Collected data:
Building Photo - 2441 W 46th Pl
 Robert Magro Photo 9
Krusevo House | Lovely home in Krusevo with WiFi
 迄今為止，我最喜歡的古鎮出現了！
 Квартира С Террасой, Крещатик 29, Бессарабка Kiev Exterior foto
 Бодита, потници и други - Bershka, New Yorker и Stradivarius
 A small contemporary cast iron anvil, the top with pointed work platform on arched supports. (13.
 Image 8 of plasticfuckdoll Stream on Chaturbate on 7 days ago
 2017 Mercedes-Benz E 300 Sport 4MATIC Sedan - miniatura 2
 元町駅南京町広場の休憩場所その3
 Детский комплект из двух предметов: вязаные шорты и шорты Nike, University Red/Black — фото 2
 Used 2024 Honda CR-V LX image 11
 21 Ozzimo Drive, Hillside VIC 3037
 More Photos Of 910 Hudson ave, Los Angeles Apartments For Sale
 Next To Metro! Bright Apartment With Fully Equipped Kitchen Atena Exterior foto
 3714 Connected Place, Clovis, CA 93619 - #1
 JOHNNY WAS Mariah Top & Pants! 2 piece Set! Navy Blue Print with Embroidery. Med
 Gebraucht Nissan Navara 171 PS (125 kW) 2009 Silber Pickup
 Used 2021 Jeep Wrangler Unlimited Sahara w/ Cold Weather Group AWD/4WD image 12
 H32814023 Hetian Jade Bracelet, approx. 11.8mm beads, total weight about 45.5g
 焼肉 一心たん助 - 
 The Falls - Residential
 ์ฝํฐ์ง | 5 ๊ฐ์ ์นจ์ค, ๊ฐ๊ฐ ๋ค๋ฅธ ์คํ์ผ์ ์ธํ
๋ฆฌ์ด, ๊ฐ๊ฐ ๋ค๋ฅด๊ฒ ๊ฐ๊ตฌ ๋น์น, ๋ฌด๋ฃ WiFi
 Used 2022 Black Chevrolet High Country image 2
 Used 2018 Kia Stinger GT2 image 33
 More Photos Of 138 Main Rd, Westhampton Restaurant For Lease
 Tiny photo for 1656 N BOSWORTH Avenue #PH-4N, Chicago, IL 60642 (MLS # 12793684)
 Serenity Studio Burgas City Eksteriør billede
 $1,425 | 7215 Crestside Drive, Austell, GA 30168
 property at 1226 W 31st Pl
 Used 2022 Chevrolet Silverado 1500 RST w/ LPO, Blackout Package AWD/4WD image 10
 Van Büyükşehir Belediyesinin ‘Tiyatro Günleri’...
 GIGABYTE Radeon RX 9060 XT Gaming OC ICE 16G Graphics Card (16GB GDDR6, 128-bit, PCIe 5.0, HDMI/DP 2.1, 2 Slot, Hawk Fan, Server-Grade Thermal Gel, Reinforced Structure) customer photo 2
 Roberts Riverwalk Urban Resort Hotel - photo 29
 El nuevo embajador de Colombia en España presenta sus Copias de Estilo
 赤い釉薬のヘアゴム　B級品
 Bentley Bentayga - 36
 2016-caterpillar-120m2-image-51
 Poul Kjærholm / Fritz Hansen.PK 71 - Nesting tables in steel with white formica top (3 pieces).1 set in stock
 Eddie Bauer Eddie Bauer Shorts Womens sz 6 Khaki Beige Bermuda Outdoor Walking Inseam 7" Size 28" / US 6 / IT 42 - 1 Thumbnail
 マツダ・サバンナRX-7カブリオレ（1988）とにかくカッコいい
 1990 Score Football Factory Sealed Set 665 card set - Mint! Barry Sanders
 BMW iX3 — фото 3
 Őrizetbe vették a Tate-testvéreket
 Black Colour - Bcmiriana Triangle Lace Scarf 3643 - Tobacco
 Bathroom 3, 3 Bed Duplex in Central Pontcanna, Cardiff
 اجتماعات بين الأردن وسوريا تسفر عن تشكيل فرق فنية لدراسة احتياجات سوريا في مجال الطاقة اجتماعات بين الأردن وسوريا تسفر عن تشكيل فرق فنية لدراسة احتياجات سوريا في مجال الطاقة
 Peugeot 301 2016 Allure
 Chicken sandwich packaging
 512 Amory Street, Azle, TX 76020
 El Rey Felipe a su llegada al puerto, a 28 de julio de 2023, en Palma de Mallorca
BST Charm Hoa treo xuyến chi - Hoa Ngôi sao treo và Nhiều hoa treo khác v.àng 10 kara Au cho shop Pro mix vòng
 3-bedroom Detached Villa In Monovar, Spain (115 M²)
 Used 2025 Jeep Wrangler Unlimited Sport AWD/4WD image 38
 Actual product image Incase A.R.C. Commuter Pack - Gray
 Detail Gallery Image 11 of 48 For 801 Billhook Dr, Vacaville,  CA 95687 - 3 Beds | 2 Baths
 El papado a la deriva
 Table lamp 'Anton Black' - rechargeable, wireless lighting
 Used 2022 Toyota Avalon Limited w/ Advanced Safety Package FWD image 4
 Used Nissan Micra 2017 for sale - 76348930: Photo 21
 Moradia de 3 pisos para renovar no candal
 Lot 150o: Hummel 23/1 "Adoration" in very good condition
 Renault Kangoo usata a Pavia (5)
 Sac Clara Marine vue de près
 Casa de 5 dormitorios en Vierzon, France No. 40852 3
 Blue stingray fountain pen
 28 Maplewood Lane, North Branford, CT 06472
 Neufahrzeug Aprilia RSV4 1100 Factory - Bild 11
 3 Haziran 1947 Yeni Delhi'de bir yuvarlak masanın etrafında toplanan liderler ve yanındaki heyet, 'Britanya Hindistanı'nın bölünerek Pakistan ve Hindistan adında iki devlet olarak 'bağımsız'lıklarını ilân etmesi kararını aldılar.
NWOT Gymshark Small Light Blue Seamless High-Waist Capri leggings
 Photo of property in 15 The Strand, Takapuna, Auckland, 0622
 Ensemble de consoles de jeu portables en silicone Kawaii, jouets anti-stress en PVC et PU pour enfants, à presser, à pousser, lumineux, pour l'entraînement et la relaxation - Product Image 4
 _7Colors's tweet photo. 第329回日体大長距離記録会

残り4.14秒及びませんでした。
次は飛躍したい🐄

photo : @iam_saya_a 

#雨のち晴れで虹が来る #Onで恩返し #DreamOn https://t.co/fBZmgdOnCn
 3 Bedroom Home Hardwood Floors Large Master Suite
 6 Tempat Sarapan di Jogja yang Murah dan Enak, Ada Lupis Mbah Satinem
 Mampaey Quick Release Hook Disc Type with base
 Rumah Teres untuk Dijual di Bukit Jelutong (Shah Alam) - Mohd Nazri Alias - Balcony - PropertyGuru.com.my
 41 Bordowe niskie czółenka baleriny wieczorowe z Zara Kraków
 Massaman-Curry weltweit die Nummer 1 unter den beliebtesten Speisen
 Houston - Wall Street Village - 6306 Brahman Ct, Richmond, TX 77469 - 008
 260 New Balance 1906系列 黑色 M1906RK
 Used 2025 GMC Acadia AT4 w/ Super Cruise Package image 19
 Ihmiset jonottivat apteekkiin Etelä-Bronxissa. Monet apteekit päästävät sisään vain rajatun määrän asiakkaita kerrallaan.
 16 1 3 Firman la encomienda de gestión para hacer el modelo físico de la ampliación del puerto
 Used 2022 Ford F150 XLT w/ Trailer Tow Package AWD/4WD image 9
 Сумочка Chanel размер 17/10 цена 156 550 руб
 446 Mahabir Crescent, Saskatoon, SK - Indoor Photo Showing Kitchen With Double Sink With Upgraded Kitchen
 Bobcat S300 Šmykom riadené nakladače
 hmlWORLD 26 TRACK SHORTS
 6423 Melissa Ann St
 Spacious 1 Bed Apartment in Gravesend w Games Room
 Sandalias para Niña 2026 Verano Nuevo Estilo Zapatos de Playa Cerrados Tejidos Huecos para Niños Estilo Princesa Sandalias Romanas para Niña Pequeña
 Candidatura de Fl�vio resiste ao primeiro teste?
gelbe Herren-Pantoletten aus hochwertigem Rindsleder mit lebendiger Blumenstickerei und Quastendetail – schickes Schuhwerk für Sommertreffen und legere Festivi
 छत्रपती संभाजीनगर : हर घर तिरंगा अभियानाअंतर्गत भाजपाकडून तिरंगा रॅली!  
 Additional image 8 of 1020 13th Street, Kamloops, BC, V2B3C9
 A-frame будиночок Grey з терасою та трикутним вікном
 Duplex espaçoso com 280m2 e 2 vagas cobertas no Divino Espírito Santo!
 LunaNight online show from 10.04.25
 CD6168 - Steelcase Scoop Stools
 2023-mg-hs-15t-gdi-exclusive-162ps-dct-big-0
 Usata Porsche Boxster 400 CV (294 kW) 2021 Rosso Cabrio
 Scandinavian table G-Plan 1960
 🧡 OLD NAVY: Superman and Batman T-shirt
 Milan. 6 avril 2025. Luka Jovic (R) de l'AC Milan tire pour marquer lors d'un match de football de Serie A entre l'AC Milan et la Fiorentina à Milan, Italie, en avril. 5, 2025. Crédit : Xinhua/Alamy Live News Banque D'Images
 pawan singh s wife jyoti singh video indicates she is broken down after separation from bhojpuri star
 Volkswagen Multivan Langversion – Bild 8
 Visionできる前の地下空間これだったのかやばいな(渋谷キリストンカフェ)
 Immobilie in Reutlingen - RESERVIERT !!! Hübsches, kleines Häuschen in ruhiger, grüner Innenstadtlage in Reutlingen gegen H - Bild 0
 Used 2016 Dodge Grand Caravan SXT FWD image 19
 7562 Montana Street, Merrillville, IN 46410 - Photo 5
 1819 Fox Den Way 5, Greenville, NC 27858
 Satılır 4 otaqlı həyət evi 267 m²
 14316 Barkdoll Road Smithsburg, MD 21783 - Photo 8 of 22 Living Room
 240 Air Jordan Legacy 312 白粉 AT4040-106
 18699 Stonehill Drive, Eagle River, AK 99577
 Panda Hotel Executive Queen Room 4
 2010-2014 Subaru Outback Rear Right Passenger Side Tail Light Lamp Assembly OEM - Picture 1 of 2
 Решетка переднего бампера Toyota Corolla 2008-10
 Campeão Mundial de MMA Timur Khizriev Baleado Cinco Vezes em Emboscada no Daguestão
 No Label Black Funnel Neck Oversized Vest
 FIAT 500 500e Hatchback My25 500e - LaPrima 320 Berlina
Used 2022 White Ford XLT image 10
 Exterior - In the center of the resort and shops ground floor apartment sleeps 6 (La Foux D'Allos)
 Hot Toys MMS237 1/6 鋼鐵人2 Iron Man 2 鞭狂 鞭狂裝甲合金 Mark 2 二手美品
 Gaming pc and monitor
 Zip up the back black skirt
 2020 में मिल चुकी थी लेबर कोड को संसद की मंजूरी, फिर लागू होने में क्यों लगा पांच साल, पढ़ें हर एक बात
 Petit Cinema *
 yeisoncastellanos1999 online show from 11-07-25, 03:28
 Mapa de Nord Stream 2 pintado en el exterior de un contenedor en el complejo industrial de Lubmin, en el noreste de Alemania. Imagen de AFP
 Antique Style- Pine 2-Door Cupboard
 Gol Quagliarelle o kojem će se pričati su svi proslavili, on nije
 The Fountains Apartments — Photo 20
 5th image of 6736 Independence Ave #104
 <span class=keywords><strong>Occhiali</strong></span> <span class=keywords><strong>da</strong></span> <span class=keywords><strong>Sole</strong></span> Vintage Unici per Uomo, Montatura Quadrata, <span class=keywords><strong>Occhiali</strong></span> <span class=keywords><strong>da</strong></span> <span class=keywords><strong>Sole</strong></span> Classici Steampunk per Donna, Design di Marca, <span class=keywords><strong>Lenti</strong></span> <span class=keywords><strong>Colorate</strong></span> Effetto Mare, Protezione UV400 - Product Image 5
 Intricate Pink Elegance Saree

Activity:
Of the lines above, retype only those from the line containing "Next To Metro!" through the line containing "Serenity Studio Burgas", including both, exactly.

Completed exercise:
 Next To Metro! Bright Apartment With Fully Equipped Kitchen Atena Exterior foto
 3714 Connected Place, Clovis, CA 93619 - #1
 JOHNNY WAS Mariah Top & Pants! 2 piece Set! Navy Blue Print with Embroidery. Med
 Gebraucht Nissan Navara 171 PS (125 kW) 2009 Silber Pickup
 Used 2021 Jeep Wrangler Unlimited Sahara w/ Cold Weather Group AWD/4WD image 12
 H32814023 Hetian Jade Bracelet, approx. 11.8mm beads, total weight about 45.5g
 焼肉 一心たん助 - 
 The Falls - Residential
 ์ฝํฐ์ง | 5 ๊ฐ์ ์นจ์ค, ๊ฐ๊ฐ ๋ค๋ฅธ ์คํ์ผ์ ์ธํ
๋ฆฌ์ด, ๊ฐ๊ฐ ๋ค๋ฅด๊ฒ ๊ฐ๊ตฌ ๋น์น, ๋ฌด๋ฃ WiFi
 Used 2022 Black Chevrolet High Country image 2
 Used 2018 Kia Stinger GT2 image 33
 More Photos Of 138 Main Rd, Westhampton Restaurant For Lease
 Tiny photo for 1656 N BOSWORTH Avenue #PH-4N, Chicago, IL 60642 (MLS # 12793684)
 Serenity Studio Burgas City Eksteriør billede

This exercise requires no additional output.